■ **What you have to do**
Each record needs to be transcribed exactly.

[Web page caption snippets]
*** Begin section ***

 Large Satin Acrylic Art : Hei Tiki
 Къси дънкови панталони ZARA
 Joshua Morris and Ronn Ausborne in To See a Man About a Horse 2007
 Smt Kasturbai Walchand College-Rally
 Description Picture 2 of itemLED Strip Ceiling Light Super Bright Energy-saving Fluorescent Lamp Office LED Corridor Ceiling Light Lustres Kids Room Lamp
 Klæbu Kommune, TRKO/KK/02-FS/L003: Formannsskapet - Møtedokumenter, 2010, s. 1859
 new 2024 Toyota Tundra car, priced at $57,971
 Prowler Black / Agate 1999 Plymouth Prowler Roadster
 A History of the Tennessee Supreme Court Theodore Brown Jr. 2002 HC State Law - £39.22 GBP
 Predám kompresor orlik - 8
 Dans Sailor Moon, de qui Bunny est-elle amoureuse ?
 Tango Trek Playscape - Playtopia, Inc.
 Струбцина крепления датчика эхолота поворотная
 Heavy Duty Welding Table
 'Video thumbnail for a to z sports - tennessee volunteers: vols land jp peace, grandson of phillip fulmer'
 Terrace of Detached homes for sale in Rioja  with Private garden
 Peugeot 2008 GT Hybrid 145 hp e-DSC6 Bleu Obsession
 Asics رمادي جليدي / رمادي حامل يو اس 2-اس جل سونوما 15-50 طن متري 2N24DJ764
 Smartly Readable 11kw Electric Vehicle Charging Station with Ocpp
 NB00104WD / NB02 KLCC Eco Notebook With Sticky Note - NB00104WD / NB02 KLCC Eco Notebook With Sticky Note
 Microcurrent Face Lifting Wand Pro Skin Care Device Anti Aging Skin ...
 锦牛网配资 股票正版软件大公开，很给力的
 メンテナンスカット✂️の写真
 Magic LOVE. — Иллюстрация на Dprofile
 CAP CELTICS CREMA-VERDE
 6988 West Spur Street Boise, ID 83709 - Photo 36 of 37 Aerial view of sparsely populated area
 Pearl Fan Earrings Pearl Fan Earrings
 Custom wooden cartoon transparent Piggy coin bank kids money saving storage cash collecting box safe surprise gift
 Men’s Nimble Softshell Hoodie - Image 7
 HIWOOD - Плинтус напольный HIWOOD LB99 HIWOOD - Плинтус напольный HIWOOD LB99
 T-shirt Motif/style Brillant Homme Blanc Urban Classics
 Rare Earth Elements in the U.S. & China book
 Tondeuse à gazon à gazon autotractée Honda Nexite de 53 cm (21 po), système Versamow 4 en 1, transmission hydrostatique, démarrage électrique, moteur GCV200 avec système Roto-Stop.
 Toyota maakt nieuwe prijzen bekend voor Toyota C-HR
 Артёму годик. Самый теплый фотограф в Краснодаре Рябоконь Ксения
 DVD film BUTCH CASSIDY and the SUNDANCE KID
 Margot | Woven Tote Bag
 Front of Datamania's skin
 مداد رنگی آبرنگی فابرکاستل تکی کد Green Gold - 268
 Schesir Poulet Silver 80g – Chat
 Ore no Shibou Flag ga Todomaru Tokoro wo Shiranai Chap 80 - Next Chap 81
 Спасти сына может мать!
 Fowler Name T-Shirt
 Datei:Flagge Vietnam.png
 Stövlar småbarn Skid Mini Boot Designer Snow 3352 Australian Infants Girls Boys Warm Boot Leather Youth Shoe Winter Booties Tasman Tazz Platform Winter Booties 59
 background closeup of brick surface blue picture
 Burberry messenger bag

*** End section ***

■ **Answer box**
 Large Satin Acrylic Art : Hei Tiki
 Къси дънкови панталони ZARA
 Joshua Morris and Ronn Ausborne in To See a Man About a Horse 2007
 Smt Kasturbai Walchand College-Rally
 Description Picture 2 of itemLED Strip Ceiling Light Super Bright Energy-saving Fluorescent Lamp Office LED Corridor Ceiling Light Lustres Kids Room Lamp
 Klæbu Kommune, TRKO/KK/02-FS/L003: Formannsskapet - Møtedokumenter, 2010, s. 1859
 new 2024 Toyota Tundra car, priced at $57,971
 Prowler Black / Agate 1999 Plymouth Prowler Roadster
 A History of the Tennessee Supreme Court Theodore Brown Jr. 2002 HC State Law - £39.22 GBP
 Predám kompresor orlik - 8
 Dans Sailor Moon, de qui Bunny est-elle amoureuse ?
 Tango Trek Playscape - Playtopia, Inc.
 Струбцина крепления датчика эхолота поворотная
 Heavy Duty Welding Table
 'Video thumbnail for a to z sports - tennessee volunteers: vols land jp peace, grandson of phillip fulmer'
 Terrace of Detached homes for sale in Rioja  with Private garden
 Peugeot 2008 GT Hybrid 145 hp e-DSC6 Bleu Obsession
 Asics رمادي جليدي / رمادي حامل يو اس 2-اس جل سونوما 15-50 طن متري 2N24DJ764
 Smartly Readable 11kw Electric Vehicle Charging Station with Ocpp
 NB00104WD / NB02 KLCC Eco Notebook With Sticky Note - NB00104WD / NB02 KLCC Eco Notebook With Sticky Note
 Microcurrent Face Lifting Wand Pro Skin Care Device Anti Aging Skin ...
 锦牛网配资 股票正版软件大公开，很给力的
 メンテナンスカット✂️の写真
 Magic LOVE. — Иллюстрация на Dprofile
 CAP CELTICS CREMA-VERDE
 6988 West Spur Street Boise, ID 83709 - Photo 36 of 37 Aerial view of sparsely populated area
 Pearl Fan Earrings Pearl Fan Earrings
 Custom wooden cartoon transparent Piggy coin bank kids money saving storage cash collecting box safe surprise gift
 Men’s Nimble Softshell Hoodie - Image 7
 HIWOOD - Плинтус напольный HIWOOD LB99 HIWOOD - Плинтус напольный HIWOOD LB99
 T-shirt Motif/style Brillant Homme Blanc Urban Classics
 Rare Earth Elements in the U.S. & China book
 Tondeuse à gazon à gazon autotractée Honda Nexite de 53 cm (21 po), système Versamow 4 en 1, transmission hydrostatique, démarrage électrique, moteur GCV200 avec système Roto-Stop.
 Toyota maakt nieuwe prijzen bekend voor Toyota C-HR
 Артёму годик. Самый теплый фотограф в Краснодаре Рябоконь Ксения
 DVD film BUTCH CASSIDY and the SUNDANCE KID
 Margot | Woven Tote Bag
 Front of Datamania's skin
 مداد رنگی آبرنگی فابرکاستل تکی کد Green Gold - 268
 Schesir Poulet Silver 80g – Chat
 Ore no Shibou Flag ga Todomaru Tokoro wo Shiranai Chap 80 - Next Chap 81
 Спасти сына может мать!
 Fowler Name T-Shirt
 Datei:Flagge Vietnam.png
 Stövlar småbarn Skid Mini Boot Designer Snow 3352 Australian Infants Girls Boys Warm Boot Leather Youth Shoe Winter Booties Tasman Tazz Platform Winter Booties 59
 background closeup of brick surface blue picture
 Burberry messenger bag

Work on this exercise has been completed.